I've exploited the fact that when the JVM creates an object (immutable or not), its pointer is created before its fields are initialized.
That allows me to create something like this:
class BackRefdNode(val parent:Option[BackRefdNode],
node:ClassicNode){
val children=node.children.map{c=>
new BackRefdNode(Some(this), c)
}
That's not the case (as far as I know) with Haskell, and if that's the case anyway, Haskell doesn't give me the tools to exploit that (gives me no reference to "this").
So I'm wondering, how do I achieve that in Haskell?
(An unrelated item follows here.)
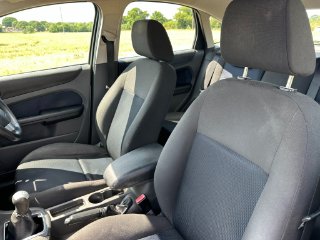 /photos/12539/f4d1edc6-9525-cb42-eb71-91cbb13f28ed_i320x240.jpg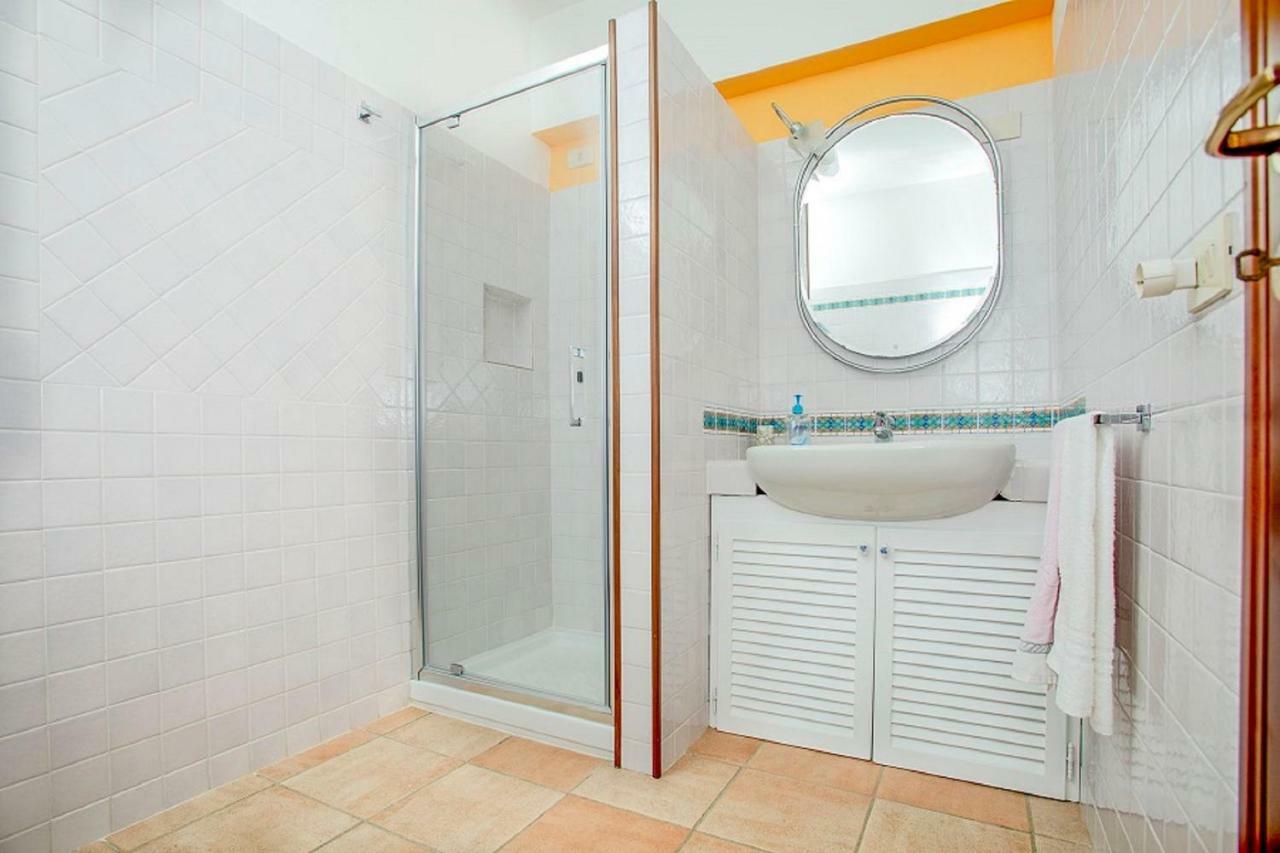 Bilocale Via Umbria Apartment Santa Teresa Gallura Exterior foto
I thought that maybe th fix function could do the trick, but that would not actually give me a "this" reference, but a reference to a thunk that when calculated, would have, theoretically, the same structure as the created BackRefdNode
Haskell actually goes one step further here. It is lazily evaluated, which means you can get a reference to anything before it is initialised, not just objects with fields. Using the data types
data ClassicNode = ClassicNode { children :: [ClassicNode] }
data BackRefdNode = BackRefdNode { parent :: Maybe BackRefdNode, children :: [BackRefdNode] }
you can create a function
backRefdNode :: Maybe BackRefdNode -> ClassicNode -> BackRefdNode
backRefdNode parent node = let result = BackRefdNode parent (backRefdNode result <$> children node)
in result
Notice how result is referenced in the expression that initialises result itself. This works perfectly fine and efficiently shares the tree objects with circular references amongst them.
What will be harder than in Scala is unraveling this data structure, as there is no reference equality in Haskell. The invariant that every child of a BackRefdNode has it as its parent cannot be tested, it must be proven from the construction.